For years I have use the number 25, i always keep no. 1 and altho i sell from time to time, I have not come close to 25   This includes silver gelatin prints, platinum prints, van dyke, whatever


----------



## ottor (Nov 21, 2013)

amolitor said:


> You're not just "writing a number on it" you're making a commitment, a legally binding. To a very large extent you get to set the terms of that commitment, but before you go scribbling numbers on things you should think it through.



Well, I think I made him a happy puppy ... I checked my invoices and I've actually printed this shot 5 times before ... in different sizes. I gave him 6/125. I also started a file of photos/prints that have limited runs, and the number I sell. I talked to the lady at the gallery also and she mentioned that I should begin numbering *all* of my photos - she says it makes the photograph appear more valuable .. note that she said 'appear'. However, "Art" is subjective, and if someone will pay more for one that's numbered, than that inherently makes it worth more... When I number the photos, I'll always make it a reasonable figure, with due consideration given. 

I appreciate all the comments ... 

r


----------



## ottor (Nov 21, 2013)

What leads someone to pick a larger or smaller number?

"The number chosen suggests a level of exclusivity.
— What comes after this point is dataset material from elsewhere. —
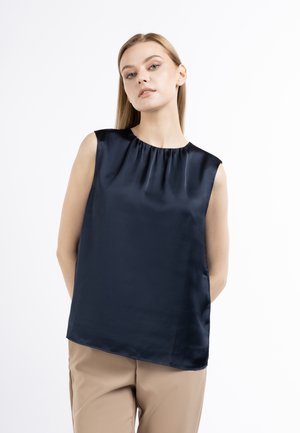 Mørkeblå satin blus uden ærmer med sammensnørede åbning, glat tekstur og løs pasform, parret med beige bukser. Minimalistisk design.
A smaller number can translate to a higher price."

________________________


That would make sense, however, wouldn't the other also be true? ... When you come towards the end of the run, wouldn't they then become even more desirable (expensive), because shortly the printing process will end and they'll become less available.. ??

I dont' know ..... but - after these replies, as well as talking to the Gallery owner, I'm gonna begin the numbering program. Certainly wouldn't hurt as long as I do it with integrity, and ... who knows - perhaps I can raise my prices a little... :mrgreen: _It 'is' a unique photograph however_, but I still can't imagine printing more than the 125 that I put on the print.. After all, I'm 67 ... I'll be happy if I live long enough to pick up the photos that I sent to Costco this morning !! 

ldman:

r


----------



## manaheim (Nov 21, 2013)

I number mine X/50, and I will only ever sell 50 of that print, regardless of size.

I've told customers before if they ever want to resize theirs that they own the serial and they can give me the old one to destroy and I'll print them a new one at whatever size they want (lesser fee- basically covers the difference plus some handling money).  No one has ever taken me up on this.

To date I believe my highest number is like 12 or 13.  I doubt I'll hit 50 before I die on most of my images.


----------



## Steve5D (Nov 25, 2013)

ottor said:


> That would make sense, however, wouldn't the other also be true? ... When you come towards the end of the run, wouldn't they then become even more desirable (expensive), because shortly the printing process will end and they'll become less available.. ??



That might be true, but that doesn't really have anything to do with the number of prints made available.

Using that approach, should a person only print a single example of every image, because that would mean it would meet the end of its run a lot sooner and would, therefore, be worth more money sooner.

My experience has taught me that the fact that a print is simply numbered far outweighs the number assigned to it...


----------